> [PROMPT]: Repeat the records below word for word and omit each image.

▼▼▼

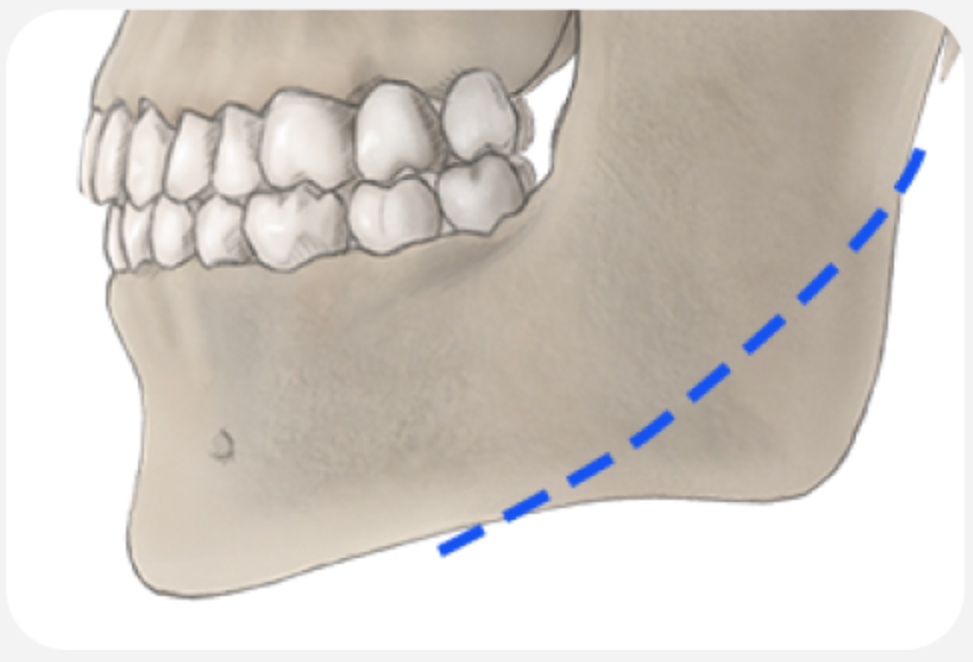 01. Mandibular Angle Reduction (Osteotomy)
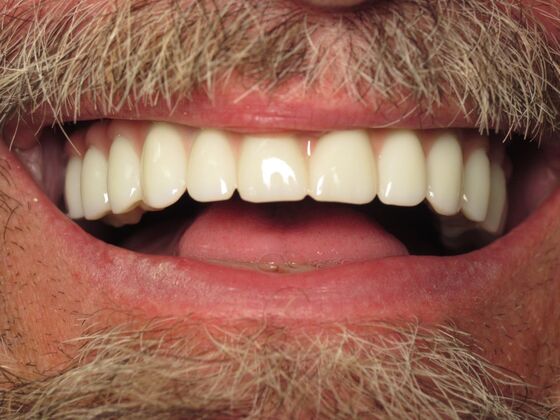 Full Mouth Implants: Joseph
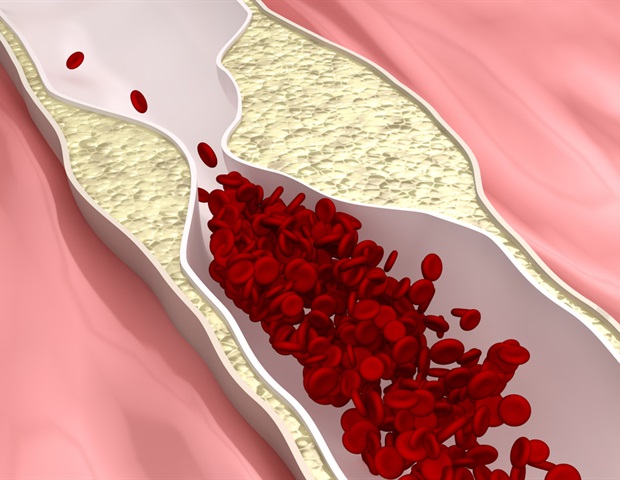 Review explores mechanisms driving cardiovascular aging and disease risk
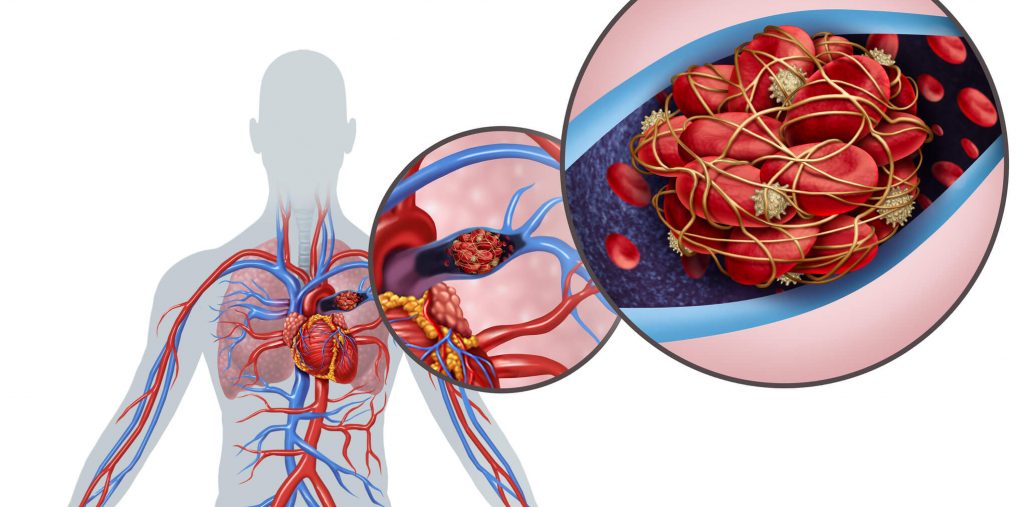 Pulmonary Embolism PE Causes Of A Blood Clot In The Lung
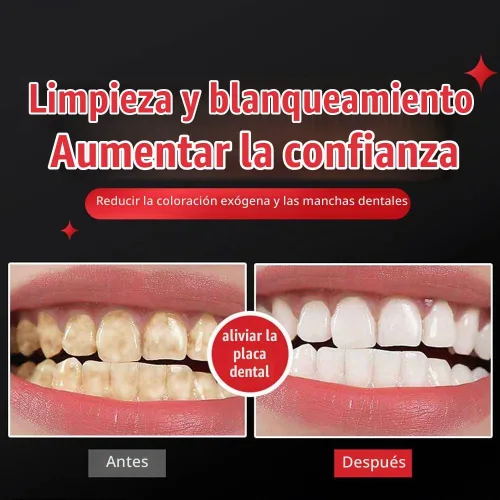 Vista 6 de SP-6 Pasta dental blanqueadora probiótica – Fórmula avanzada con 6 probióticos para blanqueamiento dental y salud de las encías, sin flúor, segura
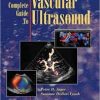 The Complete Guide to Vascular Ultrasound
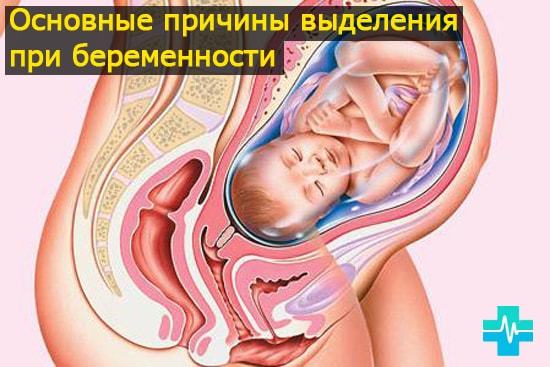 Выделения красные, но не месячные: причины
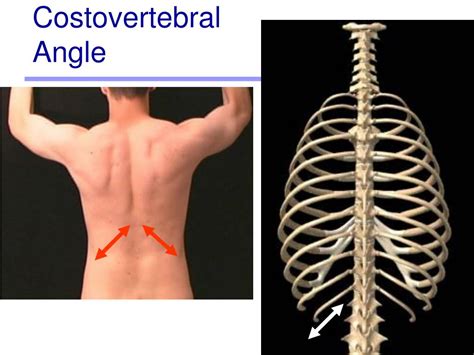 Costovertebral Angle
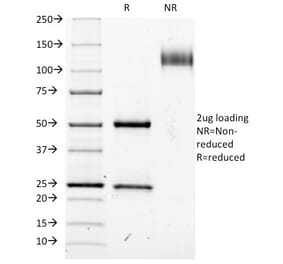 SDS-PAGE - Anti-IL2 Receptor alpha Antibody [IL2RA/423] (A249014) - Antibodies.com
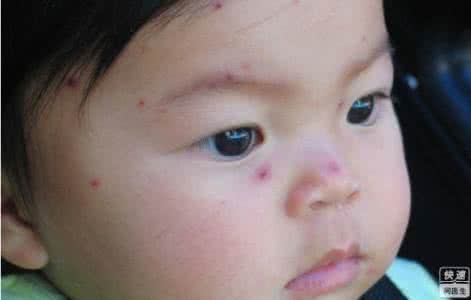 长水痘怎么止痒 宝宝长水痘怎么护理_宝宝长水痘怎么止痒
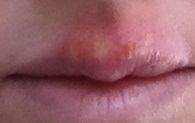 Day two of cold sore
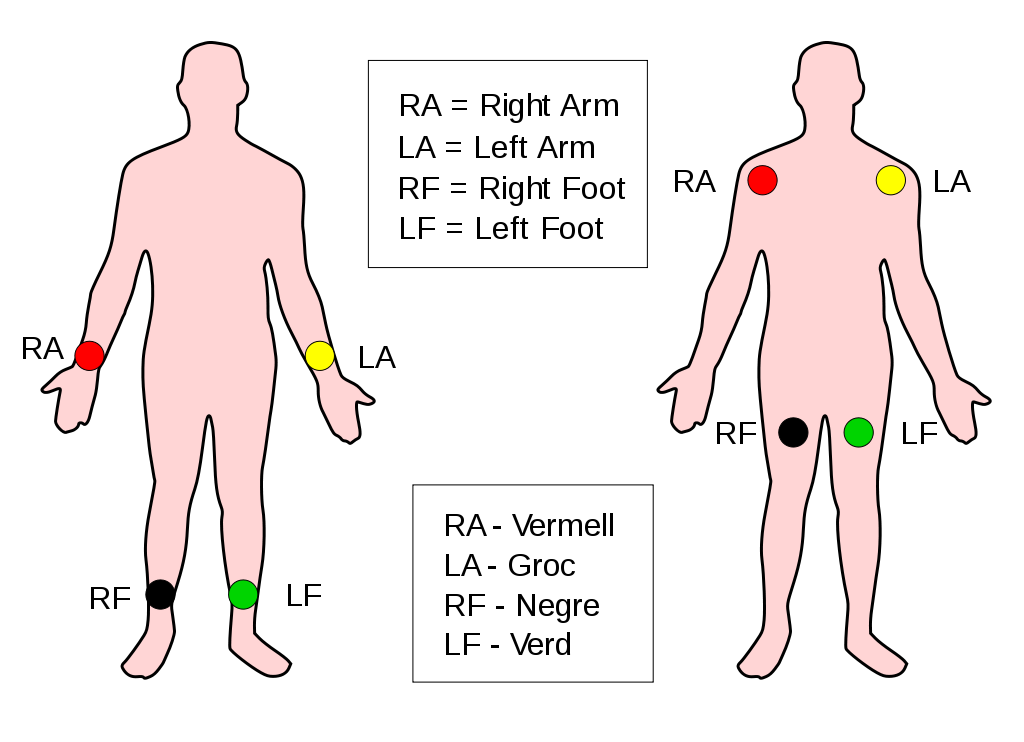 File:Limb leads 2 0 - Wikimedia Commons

▲▲▲

> [RESPONSE TO THE TASK]:
 01. Mandibular Angle Reduction (Osteotomy)
 Full Mouth Implants: Joseph
 Review explores mechanisms driving cardiovascular aging and disease risk
 Pulmonary Embolism PE Causes Of A Blood Clot In The Lung
 Vista 6 de SP-6 Pasta dental blanqueadora probiótica – Fórmula avanzada con 6 probióticos para blanqueamiento dental y salud de las encías, sin flúor, segura
 The Complete Guide to Vascular Ultrasound
 Выделения красные, но не месячные: причины
 Costovertebral Angle
 SDS-PAGE - Anti-IL2 Receptor alpha Antibody [IL2RA/423] (A249014) - Antibodies.com
 长水痘怎么止痒 宝宝长水痘怎么护理_宝宝长水痘怎么止痒
 Day two of cold sore
 File:Limb leads 2 0 - Wikimedia Commons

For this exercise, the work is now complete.